You are now far off topic. Take these discussions to new threads and let this one either get back on track or die.

My two cents: The Exploiter is a viable generalist. Maybe it is as powerful as a school wizard, but it isn't as crazy powerful as some felt it was at first glance.


Shadowkire wrote:

@ Everyone:

You are now far off topic. Take these discussions to new threads and let this one either get back on track or die.

My two cents: The Exploiter is a viable generalist. Maybe it is as powerful as a school wizard, but it isn't as crazy powerful as some felt it was at first glance.

I think that this will depend on whether the exploiter wizard can take greater exploits or not.


I'd be interested in seeing a sort of exploiter wizard vs school wizard battle (same level, same point buy, no or low magic items, etc.)... despite those never going well due to variables. At least it might be entertaining.

I'm still on the fence, I want to see the exploiter in action a few times because as much as I think the school wizard is better off, I'm still so tempted by the exploiter. I would just play one, but finding games and spare time around here is next to impossible for me.

Webstore Gninja Minion

Removed posts. Keep it on-topic and civil, please.

Dark Archive

How would exploits work for a multiclassed Arcanist/Exploiter? The RAW for Bloodline Development and School Understanding state that arcanist levels stack with levels from another class that grants a bloodline or arcane school. An Exploiter Wizard has no arcane school class feature by default, but can gain one through School Understanding.

Is each class being individually supplied its own class feature by the same exploit? Would School Understanding then fulfill its own criterion for granting full access to the selected school?


each has it's own and no, the exploit isn't enough to power the other exploit to being full level, though if you take the arcanist archetype that does actually give them a bloodline then it works.

Dark Archive

Chess Pwn wrote:
each has it's own and no, the exploit isn't enough to power the other exploit to being full level, though if you take the arcanist archetype that does actually give them a bloodline then it works.

So the prohibition on a Blood Arcanist selecting Bloodline Development can be bypassed by selecting it as an Exploiter first?


Karcinal Eschatar wrote:
Chess Pwn wrote:
each has it's own and no, the exploit isn't enough to power the other exploit to being full level, though if you take the arcanist archetype that does actually give them a bloodline then it works.
So the prohibition on a Blood Arcanist selecting Bloodline Development can be bypassed by selecting it as an Exploiter first?

What are you asking?

What I said was that if you take the Blood Arcanist archetype or the School Savant archetype that give you a full bloodline or arcane school respectively that those can meet the conditions for the exploiter to combine the levels with the bloodline development exploit.
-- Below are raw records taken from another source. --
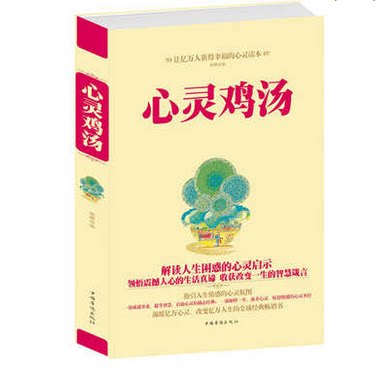 正版包邮  超值大全集 心灵鸡汤正版全集包邮 心灵的鸡汤 心灵鸡汤 励志书籍畅销书大全集 心态自我调节缓解压力的书
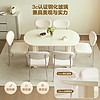 QuanU 全友 家居奶油风钢化玻璃餐桌家用客厅小户型吃饭长方形饭桌670201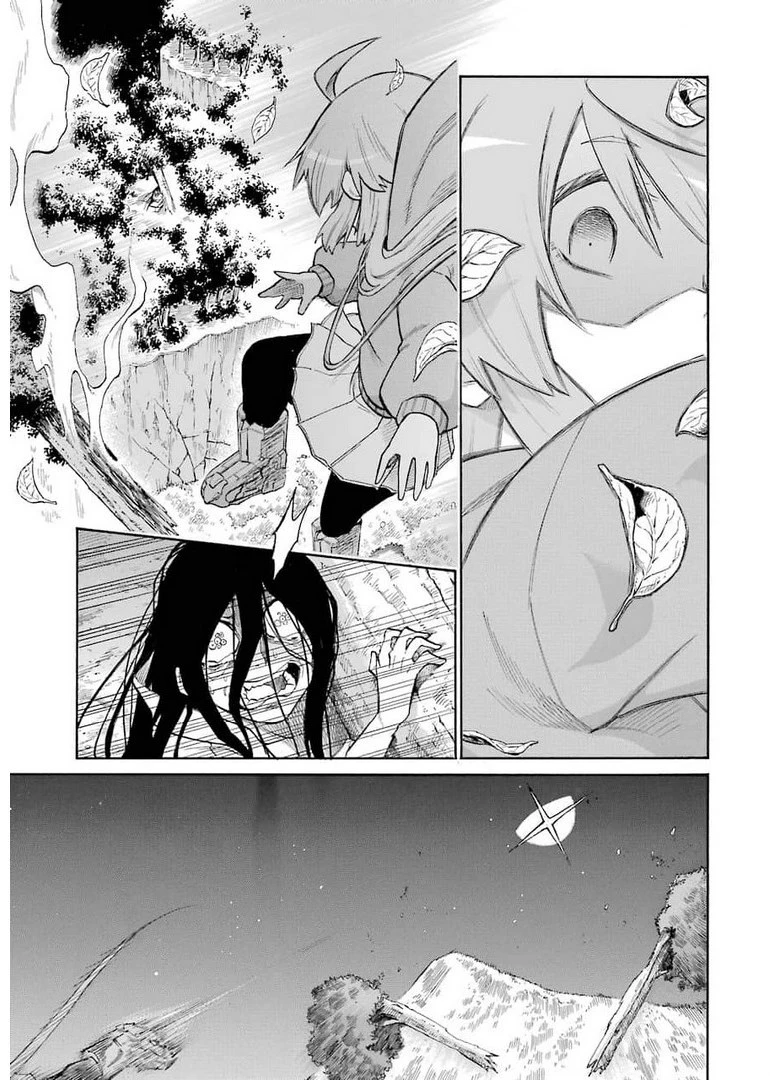 MURCIÉLAGO -ムルシエラゴ- 第142話 - 15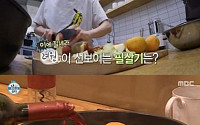 정려원 유인나도 즐기는 ‘뱅쇼’, 올겨울 ‘핫’ 음료 등극?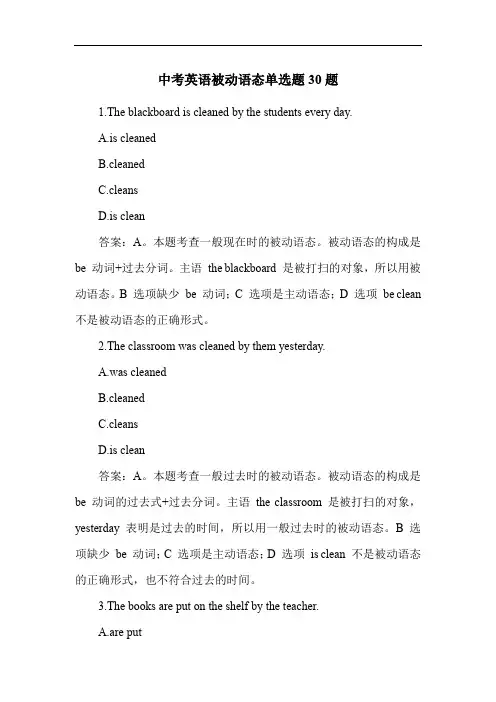 中考英语被动语态单选题30题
If you are an exploiter wizard 5 and a normal arcanist 5 and pick up bloodline development then you'll have 2 copies of the bloodline and can pump a point to treat your level as lv5 for the 1st level power.

Dark Archive

Chess Pwn wrote:
Karcinal Eschatar wrote:
Chess Pwn wrote:
each has it's own and no, the exploit isn't enough to power the other exploit to being full level, though if you take the arcanist archetype that does actually give them a bloodline then it works.
So the prohibition on a Blood Arcanist selecting Bloodline Development can be bypassed by selecting it as an Exploiter first?

What are you asking?

What I said was that if you take the Blood Arcanist archetype or the School Savant archetype that give you a full bloodline or arcane school respectively that those can meet the conditions for the exploiter to combine the levels with the bloodline development exploit.

If you are an exploiter wizard 5 and a normal arcanist 5 and pick up bloodline development then you'll have 2 copies of the bloodline and can pump a point to treat your level as lv5 for the 1st level power.

Thanks for the clarification. My mind's always looking for loopholes, probably why this archetype calls out to me. Either that, or I'm just paranoid that the GM is going to tempt me with a Faustian contract or a Jackass genie.